Monday 3 January 2011

Compassion, being a grandparent etc

Back from staying with psychoanalytic friends in London for New Year.  Interesting discussion stimulated by the review of a new book by a mutual friend Karen Armstrong about compassion.  Compassion doesn’t feature much in the psychoanalytic literature, especially as compared with ’third wave’ CBT – Paul Gilbert and others write a lot about compassion – towards self and others, and I suspect Armstrong has drawn on their work.  Compassion is implicit rather than explicit in psychoanalytic thinking perhaps – the idea of the modified superego – less harsh, more accepting of one’s faults and vulnerabilities – would be an outcome objective for many psychoanalysts, dating back to Strachey and beyond.  But compassion implies a moral stance which most analysts,  wanting to preserve neutrality,  would eschew.

Where do compassion, empathy and kindness stand in relation to each other?  Compassion could be seen as a rather distancing, patronizing , hands-off emotion.  Dickens’ Mrs Jellaby was compassionate – towards starving Africans, but utterly unempathic in relation to her own children, ignored and suffering under her nose.  Is the distinction between empathy – feeling ‘in/into’ another different from compassion – feeling ‘with’ but not necessarily accurately trying to understand what they are going through?  Empathy is a continuous process,   relevant only to suffering in the sense that all emotions are ‘suffered’, while compassion relates specifically to pain (mental or physical) and unhappiness. 
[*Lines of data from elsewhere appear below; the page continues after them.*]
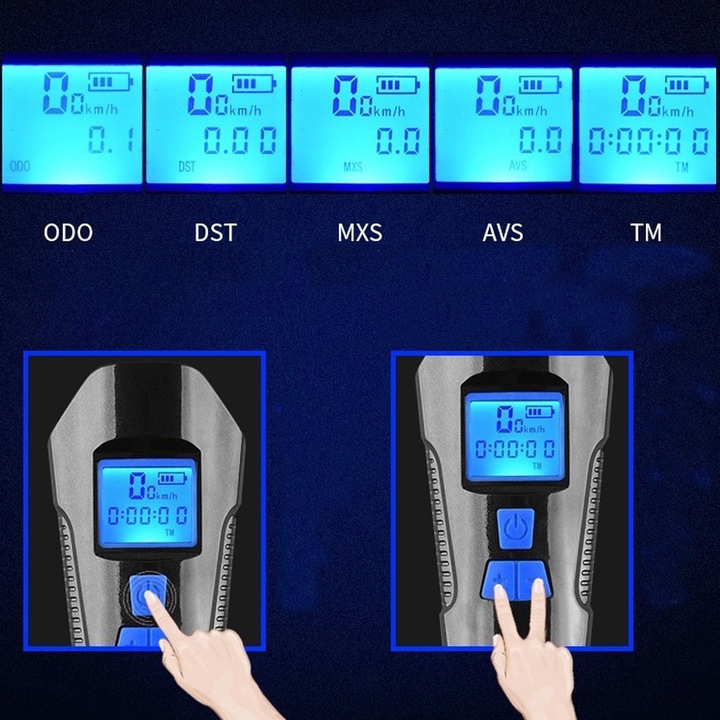 LAMPKA ROWEROWA AKUMULATOROWA LICZNIK KLAKSON PRZÓD TYŁ NA ROWER KABEL USB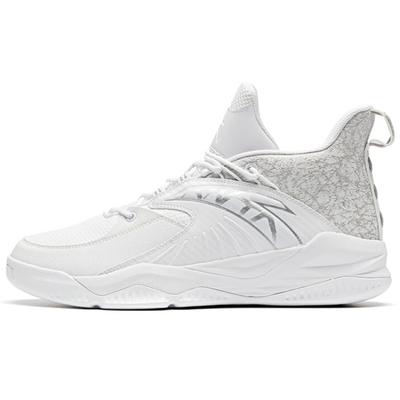 Rhomboid Cushioning Anti-Slip And Wear-Resistant Mid-Top Basketball Shoes White Silver Sneakers 912011186-2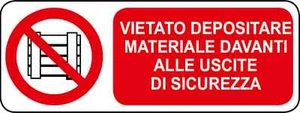 ADESIVO segnaletica Vietato depositare materiale 330X125 mm - Imagen 1 de 1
I am not sure that I want my analyst to be compassionate,  which smacks to some extent of control – but I know I want him/her to be empathic – to want to know and explore how I might be feeling.  Where does kindness fit in?  Kindness seems to relate to generosity of spirit, and also a propensity not to judge,  always to think in a forgiving way.  But I don’t want my analyst to be too kind – she/he needs to be able to be tough,  to challenge,  and not let me get away with self-and other-deceptions.  My kind analyst will pick me up on these things but won’t make me feel bad about them.  Perhaps it is a bit like the current coalition campaign based on ‘nudging’ rather than proscription and prescription, on banning and banishing.  That’s certainly what my wife says to me when I criticize her – if I don’t do it affectionately it simply makes her feel bad and want to defend herself and counter-attack.

Another interesting discussion was about the role of grandparents – which we all were.  My friend Robert described this as a ‘secondary role’ – and I think he’s right.  But still an important one – evolution has ensured that grandparents, post their reproductive role, have an extended adulthood paralleling their grandchildrens’  prolonged (by other species standards) childhood.  We grandparents are there as backups when things go wrong – one thinks of Aids orphans in Arica (back to Mrs Jellaby!) being looked after by their grandparents.  Another aspect is as a secondary resource source – whether this be grubbing for roots in near-starvation conditions, or helping pay for University fees, as no doubt we will increasingly be asked to do as the era of free tertiary education comes to an end in the UK.  The same might apply too of psychotherapy fees!